For wide is the gate,For narrow is the gate,
And broad is the way,And straitened the way,
That leadeth to destructionThat leadeth unto life,
And many be they that enter in thereby.And few be they that find it.

In order to grasp the fundamental idea, that of the responsion, let us once more clearly define that of the strophe and antistrophe.

STROPHE AND ANTISTROPHE DEFINED

The strophe consists of a number of verses combined so as to form a larger whole; it contains a sheaf of ideas which express a single idea, just as a sheaf of rays unites to form a single light.

The antistrophe represents an analogous or contrasting idea, which is, like the former, the sum or product of another sheaf of ideas, and answers to the former in some or all of its component parts.

Accordingly the responsion, thus conceived of, is the formal expression of this relation of two or more strophes to one another. Where the principle of the responsion is strictly carried out each line of the first strophe corresponds to the corresponding line of the second, either verbally or substantially, and in the latter case either by parallelism or antithesis. The similarity of the majority of lines which thus correspond throws the differences at certain points into strong relief and renders them all the more forcible and impressive.

The highest organic structures have been analysed and found to be built up from a single cell. All the preliminary conditions which enable the cell to form organisms lie dormant in it already, but the germ cannot become an organic being except by a slow process of development. What we now have to do is to find the germ from which the responsion has developed; and the germ of this phenomenon is the parallelismus membrorum which constitutes the vital element of apothegm and verse in the Semitic languages, and more particularly in Hebrew. But two things may be parallel one with another not only by analogy but by contrast. The parallelismus membrorum places side by side two or more ideas, analogous but not identical, and adapted by their slight diversity to give an image of what the poet desires to convey.
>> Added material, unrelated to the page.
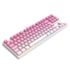 TECLADO GAMER REDRAGON DAKSA BRANCO E ROSA RGB SWITCH MARROM MODELO K576GP-RGB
Such sentences abound in the prophetic discourses, as in Isaiah i. 3,

The ox knoweth his owner, and the ass his master’s crib:

But Israel doth not know, my people doth not consider.

And Amos ix. 2,

Though they dig into hell, thence shall my hand take them;

And though they climb up into heaven, thence will I bring them down.

The idea, being presented under a different figure, is repeated without producing an effect of tedium or monotony.

What the parallelismus membrorum is to the verse or sentence, that the responsion is to the strophe or discourse.

By slight variations on the responsion two literary forms were evolved to supply an æsthetic want. When two strophes stand in such a relation that the conclusion of the one answers to the beginning of that which succeeds it, the result is the concatenation, which unites two strophes with one another and leads the way from one field of thought to another. Again, if the beginning of one strophe or group of strophes corresponds with the conclusion of the same, the result is the inclusion, the object of which is to emphasise the logical and æsthetic unity of the said strophe or group of strophes.

An example of concatenation may be cited from Isaiah, Chap. i.

One column begins—

Hear, O heavens, and give ear, O earth, for the Lord hath spoken

and ends—

We should have been as Sodom, we should have been like unto Gomorrah.

The second strophe-column begins—

Hear the word of the Lord, ye rulers of Sodom;

Give ear unto the Lord our God, ye people of Gomorrah.

Here, as we see, the beginning of the second column answers to the beginning of the first and is linked with its conclusion.

Habakkuk (ii. 11) affords another example,

(end of strophe)

For the stone shall cry out of the wall,

And the beam out of the timbers shall answer it.

Herewith the image of a building rises before the prophet as before the reader. A thought flashes through the prophet’s mind, and he proceeds,

(beginning of strophe)

Woe to him that buildeth a town with blood

And stablisheth a city by iniquity.

And as an example of the inclusion we may quote Jeremiah xlvi. 20-24:

(beginning of strophe)

Egypt is a very fair heifer; but destruction out of the north is come, it is come.

(end of strophe)

The daughter of Egypt shall be put to shame, she shall be delivered into the hand of the people of the north.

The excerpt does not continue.